Miss Fisher’s Murder Mysteries is a murder mystery television show based on a series of novels written by Kerry Greenwood and is broadcasted primarily by the ABC (Australian Broadcasting Corporation) but can be viewed around the world. It features a titled young woman from the 20s who packs a pistol, keeps a string of lovers and chooses to be unmarried an untied to men who just so happens to enjoy the thrill of uncovering the truth with the help of her loyal friend, DI Robinson, and her faithful household. She is in one word, radical. All the things she does are frowned upon or illegal and yet she keeps doing them. Such a modern female character has inevitably achieved a loyal following across the globe both from the novels she features in and the TV show.
I have carefully been following these fan bases over this holiday season and have been amazed. First of all, these fan bases are filled with teenagers to pensioners and this variety of audience enthralled me. I find it amazing how by making history more approachable by incorporating more modern values but also keeping impeccable historical detail not only are the young endeared to the past but the older citizens of the planet are connected to a newer age. I was overjoyed by seeing a common love of storytelling unite a global group of people in this way. Secondly, what struck me as different about these fan bases is that generally when a book(s) is adapted, it leaves many, many disgruntled people claiming that the spirit of the novel was lost. However, the only major complaint I could find was that the leading lady, Essie Davis, was about a decade older than the original heroine. Although, many of the books’ fans agreed she played the role very true to the way they saw the character in their mind. This may have been because Kerry Greenwood edited many of the episodes’ scripts herself and that the amount of resources available was massive as each episode averaged a budget of 1 million Australian Dollars. And yet, this reconciliation of the original novels and the screen was quite shocking to me. But it also opened my eyes that in a world that is growing back from an economic crisis, such energy can be spent on making sure that different styles of narrative are of the same high quality as each other. Lastly, I never knew Facebook could hold such a treasure chest of insightful comments. On the show’s official page, there are many episodal discussions and among the many comments of how great the show is, there are also very detailed and thoughtful analysis pieces. Some fans take such care to see every detail and every side of the story. I loved seeing such a modern and often superficial website used to make insightful comments and revelations over a global community that would otherwise have a lot more trouble communicating. This showed me that in the modern world, it is so much easier to communicate interesting ideas and that any service that allows for this exchanging of intellectual information should be used.

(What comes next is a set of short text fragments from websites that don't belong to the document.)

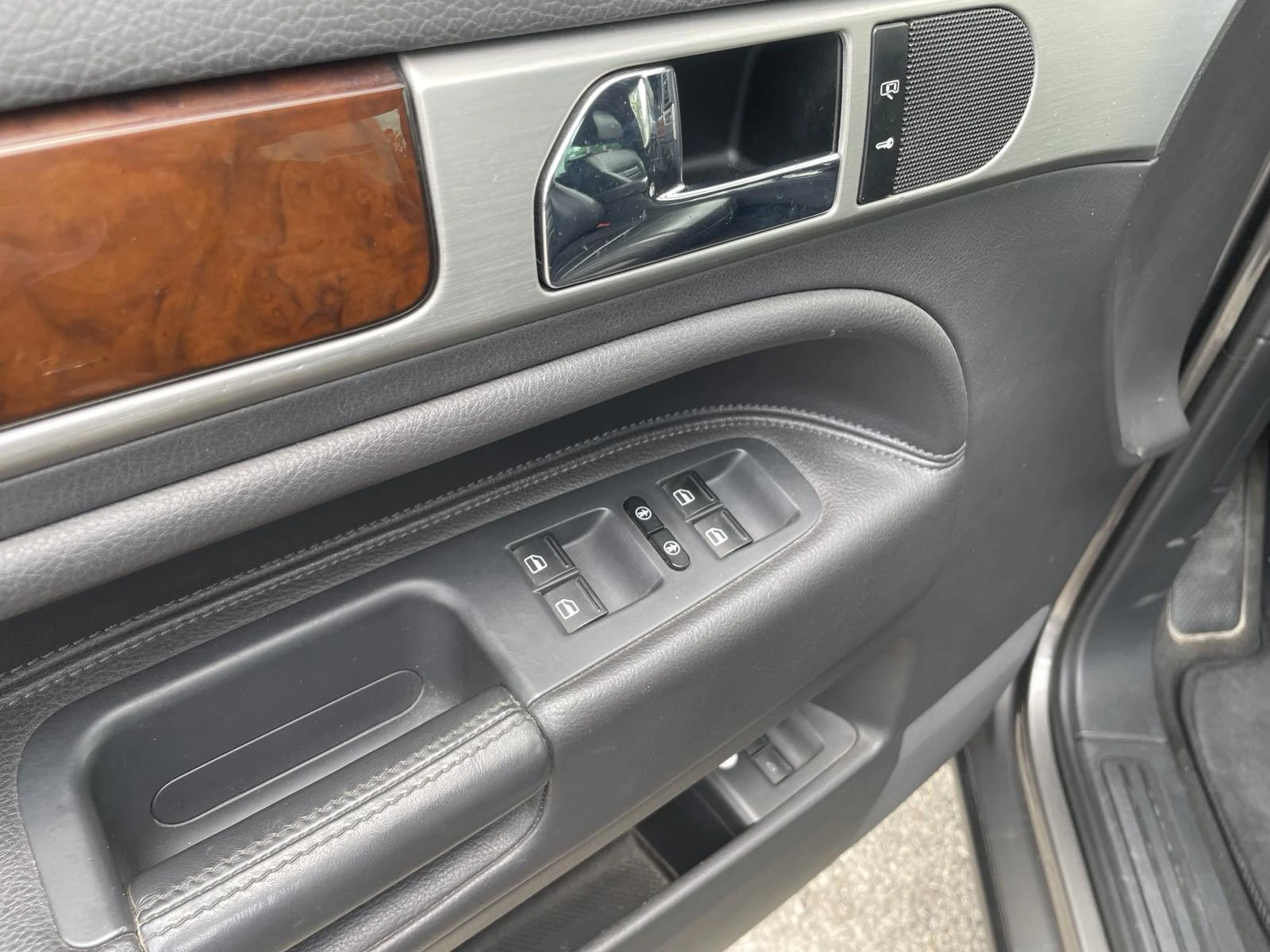 VW Touareg  - изображение 4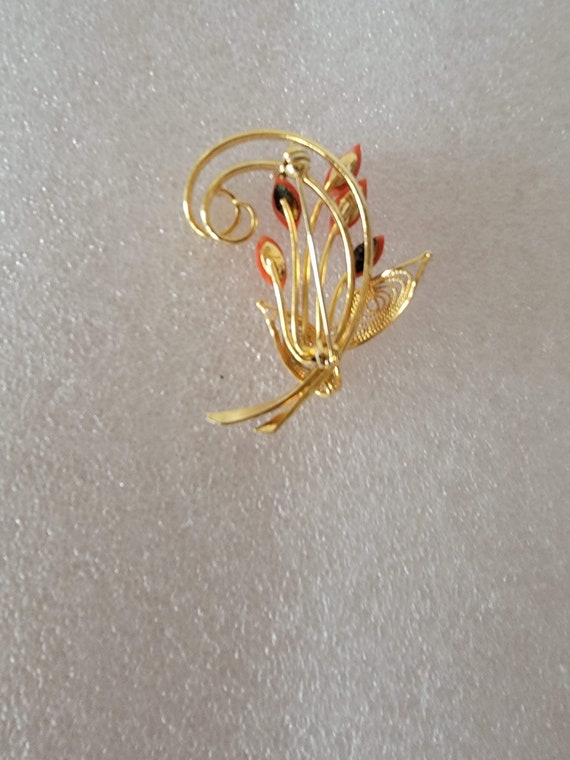 Red Gold Toned Floral Leaf Brooch Pin Wire Unique… - image 6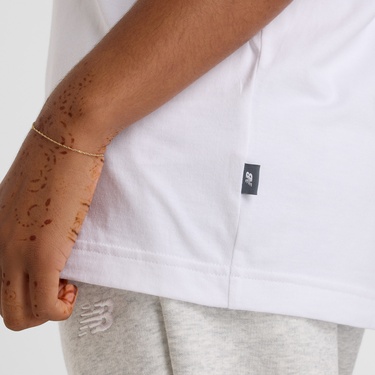  New Balance WT43556 Kadın Beyaz T-Shirt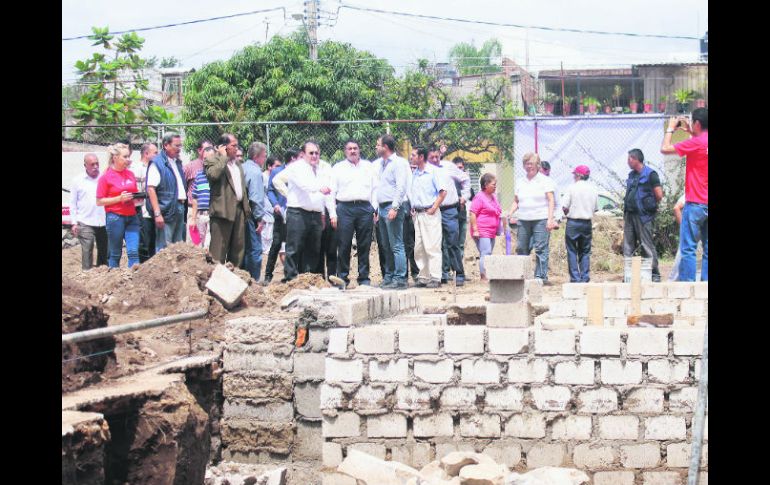 El alcalde tapatío, Ramiro Hernández, visitó las instalaciones en construcción. ESPECIAL /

Overall, I loved that people are building a community around a relatively new way of exploring narrative. The Miss Fisher TV show and +books encompassed many of the same big themes that other books I’ve read in the genre encompassed, such as feminism, love, flashbacks, etc. And yet, in the case of the show, a single gesture which only a very keen eye could see, like a slight caress of the hand with a barely moving thumb, could reveal what would otherwise have taken a lot more explanation in novel form. Television is so knew compared to traditional oral or literary narrative so I was so interested to compare and contrast the two.